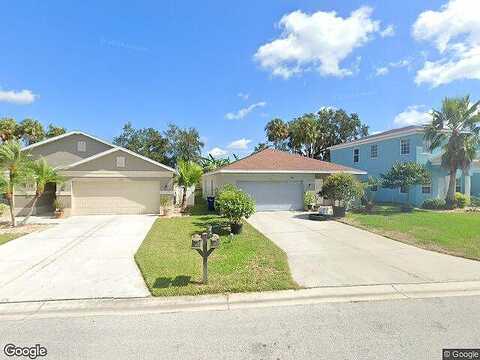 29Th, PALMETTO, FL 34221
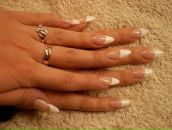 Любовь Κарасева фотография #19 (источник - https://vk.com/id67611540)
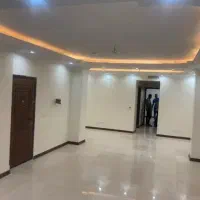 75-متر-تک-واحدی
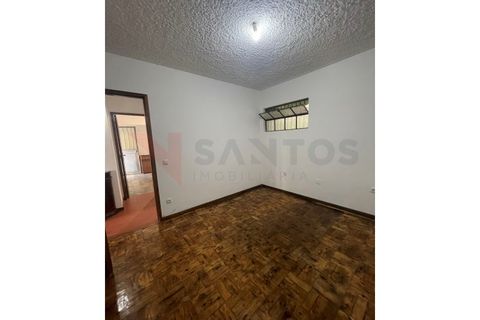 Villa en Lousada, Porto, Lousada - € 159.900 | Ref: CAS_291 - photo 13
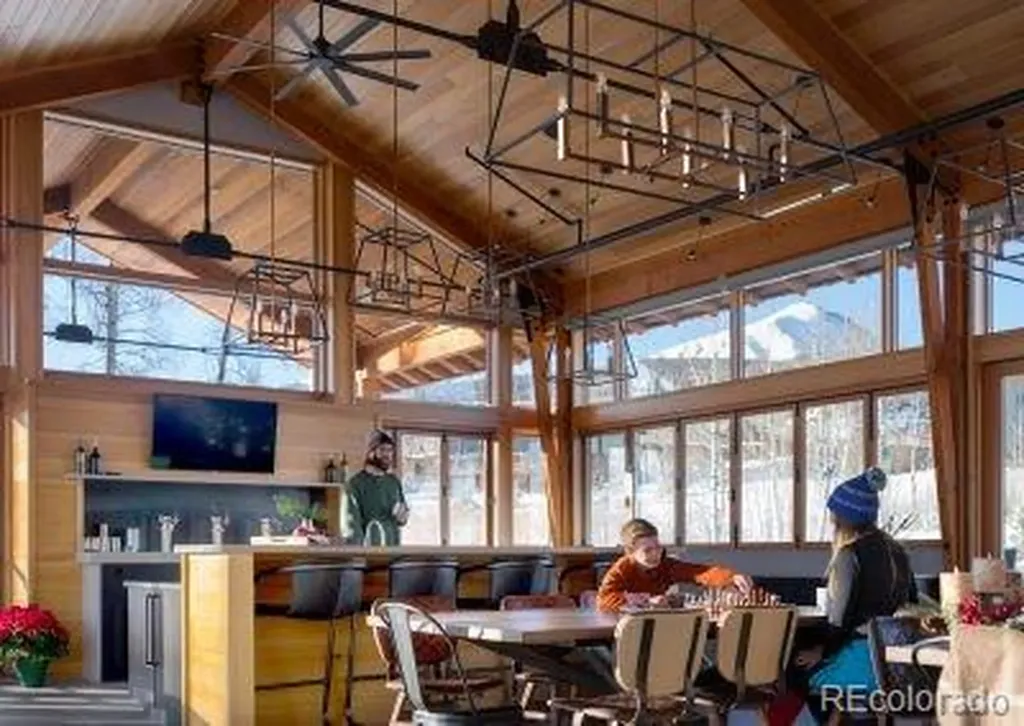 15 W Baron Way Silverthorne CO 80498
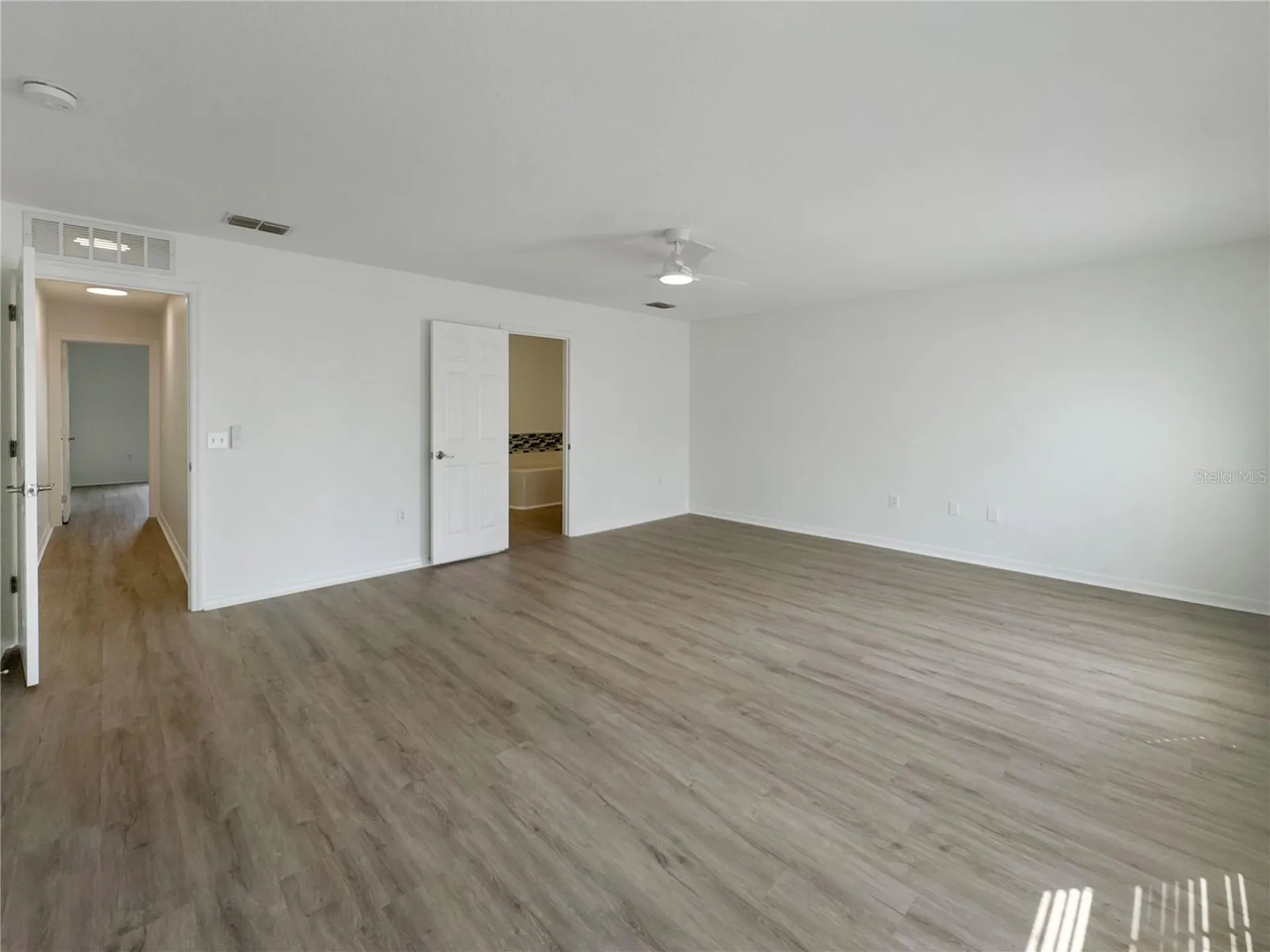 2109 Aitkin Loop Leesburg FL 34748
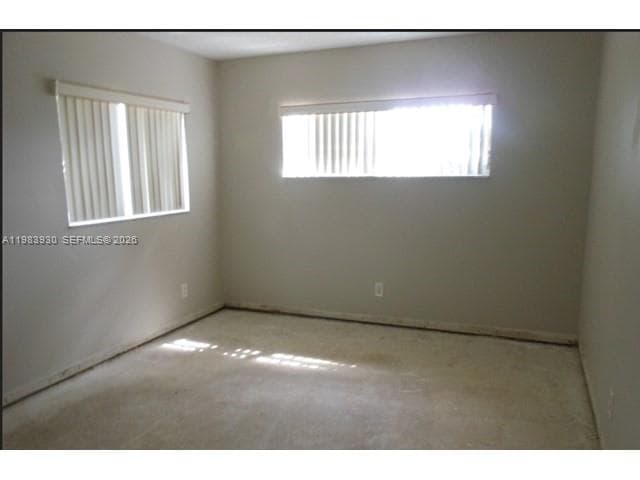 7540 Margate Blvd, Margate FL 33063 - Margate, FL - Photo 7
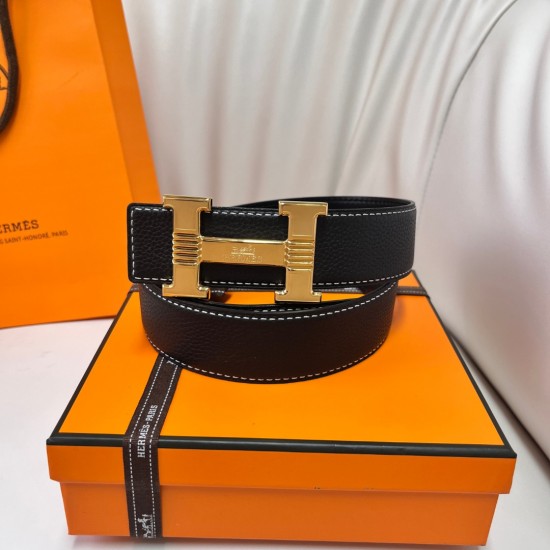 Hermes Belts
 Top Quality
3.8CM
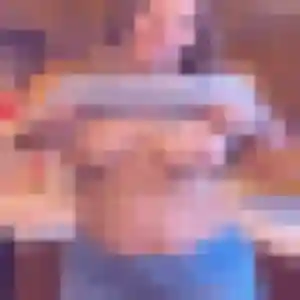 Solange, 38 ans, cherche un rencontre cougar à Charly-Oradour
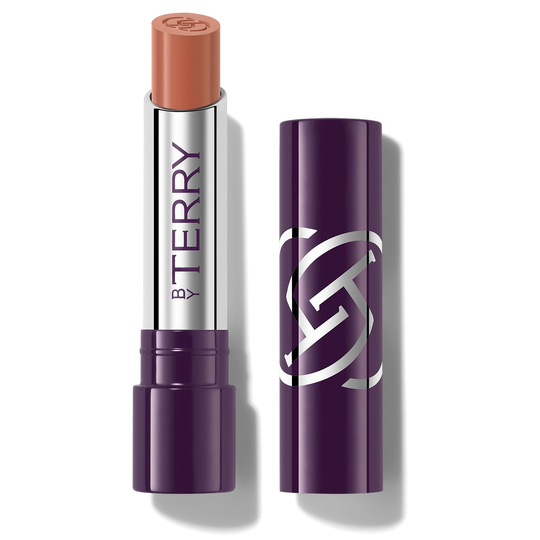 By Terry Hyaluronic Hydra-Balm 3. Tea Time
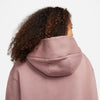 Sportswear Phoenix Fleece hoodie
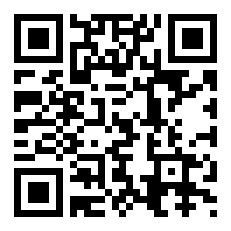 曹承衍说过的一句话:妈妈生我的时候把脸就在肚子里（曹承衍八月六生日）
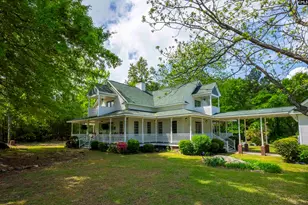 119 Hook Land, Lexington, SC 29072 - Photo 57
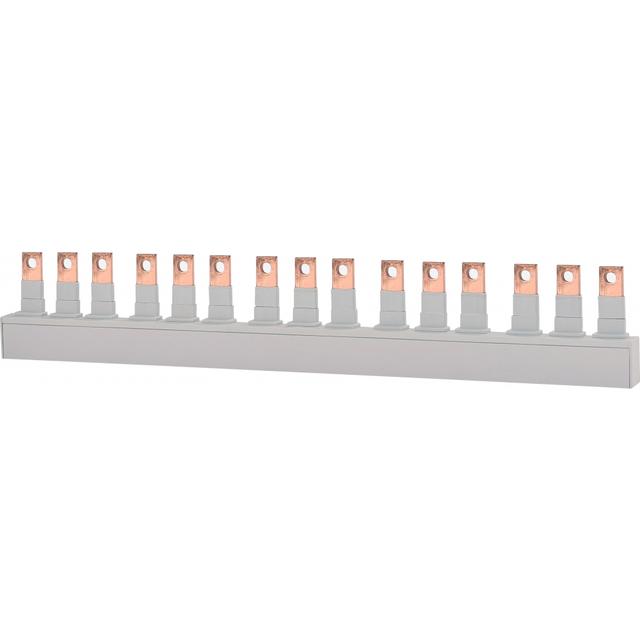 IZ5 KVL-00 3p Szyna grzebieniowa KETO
# # # # #
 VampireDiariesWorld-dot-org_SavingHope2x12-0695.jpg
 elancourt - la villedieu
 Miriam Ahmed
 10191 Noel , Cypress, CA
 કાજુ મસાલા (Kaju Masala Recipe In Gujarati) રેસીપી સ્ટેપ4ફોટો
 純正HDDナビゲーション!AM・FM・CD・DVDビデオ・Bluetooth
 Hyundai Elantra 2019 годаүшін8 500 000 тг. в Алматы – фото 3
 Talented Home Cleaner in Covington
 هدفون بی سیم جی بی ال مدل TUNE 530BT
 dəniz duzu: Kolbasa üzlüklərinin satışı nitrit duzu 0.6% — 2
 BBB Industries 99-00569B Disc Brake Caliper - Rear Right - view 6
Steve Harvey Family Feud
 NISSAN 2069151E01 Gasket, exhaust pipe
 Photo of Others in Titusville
# # # # #
▶ [WHAT IS NEEDED]:
Take the material above from the line containing "29Th, PALMETTO, FL 34221" up to and including the line containing "IZ5 KVL-00 3p Szyna grzebieniowa KETO" and retype it exactly, without any pictures.

▶ [TASK OUTPUT]:
 29Th, PALMETTO, FL 34221
 Любовь Κарасева фотография #19 (источник - https://vk.com/id67611540)
 75-متر-تک-واحدی
 Villa en Lousada, Porto, Lousada - € 159.900 | Ref: CAS_291 - photo 13
 15 W Baron Way Silverthorne CO 80498
 2109 Aitkin Loop Leesburg FL 34748
 7540 Margate Blvd, Margate FL 33063 - Margate, FL - Photo 7
 Hermes Belts
 Top Quality
3.8CM
 Solange, 38 ans, cherche un rencontre cougar à Charly-Oradour
 By Terry Hyaluronic Hydra-Balm 3. Tea Time
 Sportswear Phoenix Fleece hoodie
 曹承衍说过的一句话:妈妈生我的时候把脸就在肚子里（曹承衍八月六生日）
 119 Hook Land, Lexington, SC 29072 - Photo 57
 IZ5 KVL-00 3p Szyna grzebieniowa KETO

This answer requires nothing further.